Странность казаковского присутствия, одновременно глубоко укорененного, русского, деревенского, природного, и вместе с тем – «нездешнего», надмирного, музыкального, может, конечно, озадачить его биографов. Писатель, проложивший пути для русских «деревенщиков», – вырос «на арбатских дворах». Писатель, оставивший пленительные картины природы, с детства этой природы «в глаза не видел и не думал о ней», – он эту природу вычитывал из книг «в темной, холодной и голодной Москве» военных лет, а видел – когда ездил в ссылку к отцу, посаженному впервые «за недоносительство» в 1933 году и поневоле жившему «на природе»… Писатель, одаренный уникальной литературной техникой, был практически первым литературно образованным человеком в своем роду, да и роду-то того было – всего два городских колена: семья рабочая, московская, а деды-бабки – из смоленских крестьян; дальше – вроде бы туман; родителей отделили рвом Беломорканала… Были только глухие намеки на 1937 год, и ведь на самом деле – ездил к отцу на поселение, и именно там «приобщился» к таежной природе, к охоте; а что не афишировал – так ведь плаха репрессивная на сознании лежала! Вот и получалось, что ни с землей вроде бы связей никаких, ни с деревней. Все получено – «из запредельности». Простор – и «зовы».

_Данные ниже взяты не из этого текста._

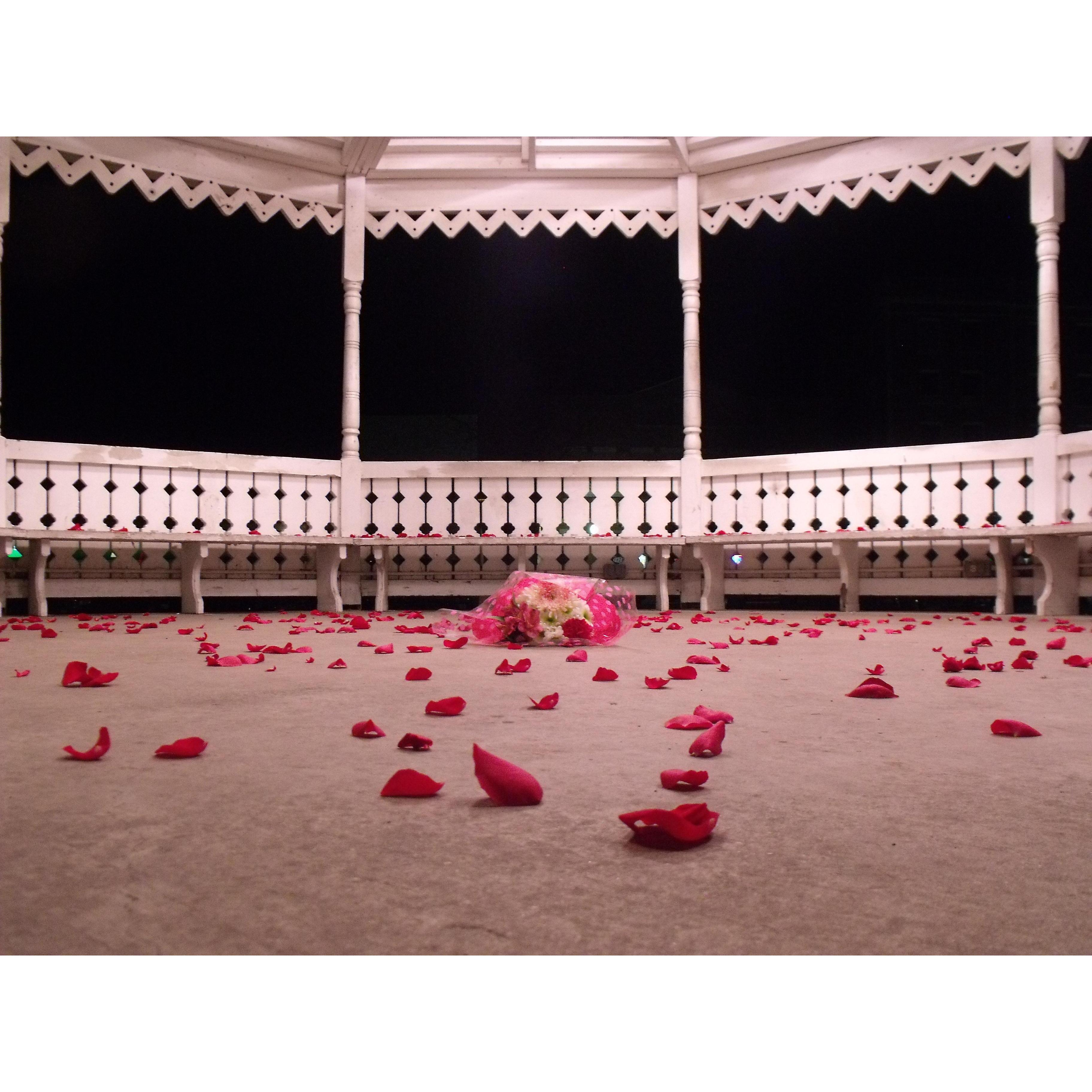 The proposal: We walked into this gazebo covered in flower petals and tealight candles. I saw the bouquet in the middle of the floor and I knew this was it! He was going to pop the question!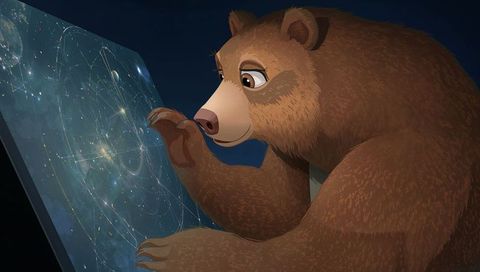 Curious brown bear exploring holographic star chart on tilted touchscreen panel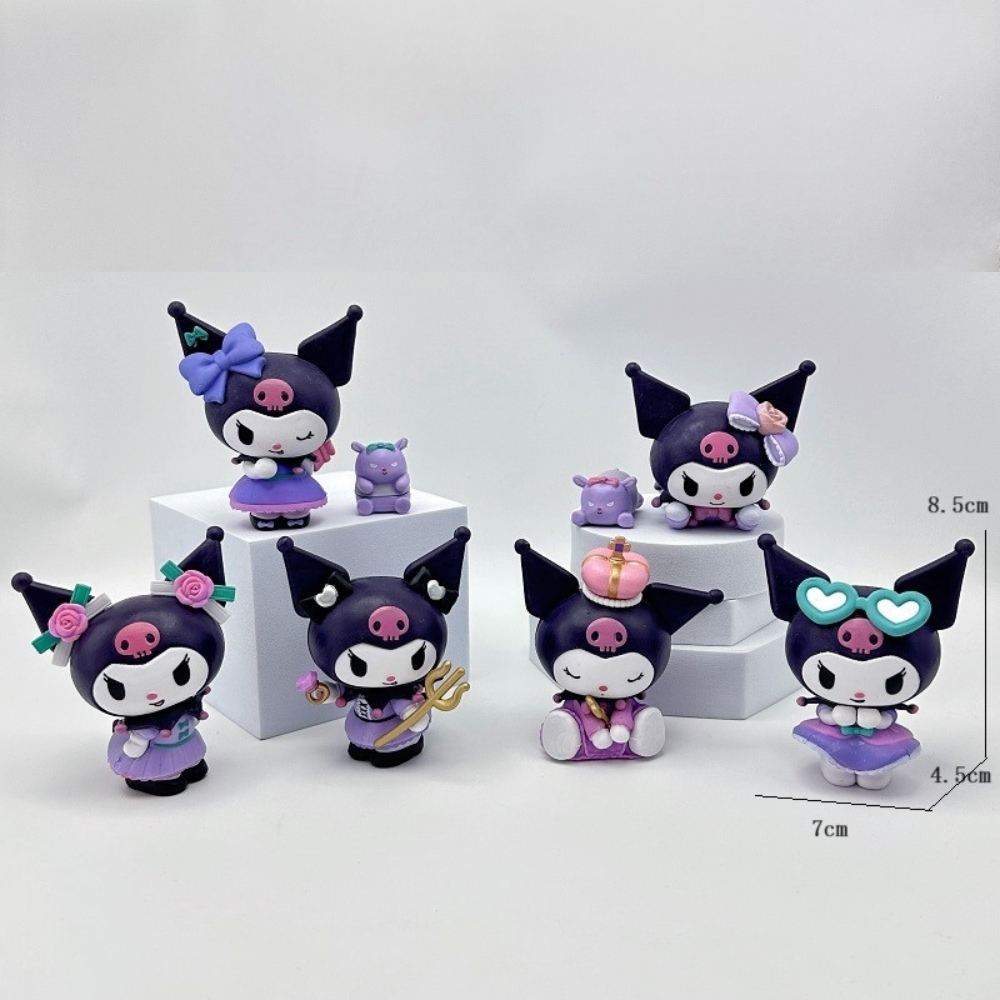 Mô Hình Kuromi bộ 6 nhân vật Kuromi - Cao 7 - 9cm - Nặng 500gram - No Box - Bọc Túi Opp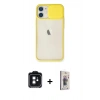 MARSİLYAN™- iPhone 11 Kılıf Vadi Çizgi - Siyah Bilvis 3D Cam Ekran Koruyucu + PVD Metal Kamera Lens - SH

Двоятся, зыблются, дрожат контуры предметов. Вспыхивают и гаснут страсти, «оборачиваются» характеры. Благостный странник ведет себя как плотоядный жеребец-насильник; красавец-пейзанин оказывается костоломным дурнем. Но и угрюмый бирюк «из бывших», источающий ненависть к нынешним «лодарям», – может обнаружить голубиную душу сокрытую под десятью слоями коросты. Может, это он сложил северные песни, былины, руны! Может, это он и выстроил когда-то церковь в Кижах и топор забросил, чтоб повторить было нельзя…

«Ах, Нестор, Нестор…»

Потаенная нежность казаковской интонации, скрытая за скуповатостью штрихового рисунка, за строгой, музыкально просчитанной экономностью слова, – вдруг вырывается на поверхность в поздних его рассказах, посвященных младенцу-сыну. «Во сне ты горько плакал». Странная для Казакова сентиментальность и какая-то горячечная беззащитность появляются в его стиле, и кажется, что стиль сломан, подорван, разжижен, расслаблен экзальтацией… что любой приличный писатель точно так же вот описывал бы чувства отца, поздно дождавшегося своего первенца.

Но «чисто казаковское» вдруг всплывает со дна этой теплой купели – запредельной, «космической» тревогой. Ребенок плачет беспричинно и безутешно, потому что чует, как его душа отделяется, прощается с отцовской. ЗНАТЬ этого он не может: он ничего в жизни своей не видел, кроме внимательных нежных родительских глаз. Откуда же эти слезы во сне, этот ужас прощанья навсегда?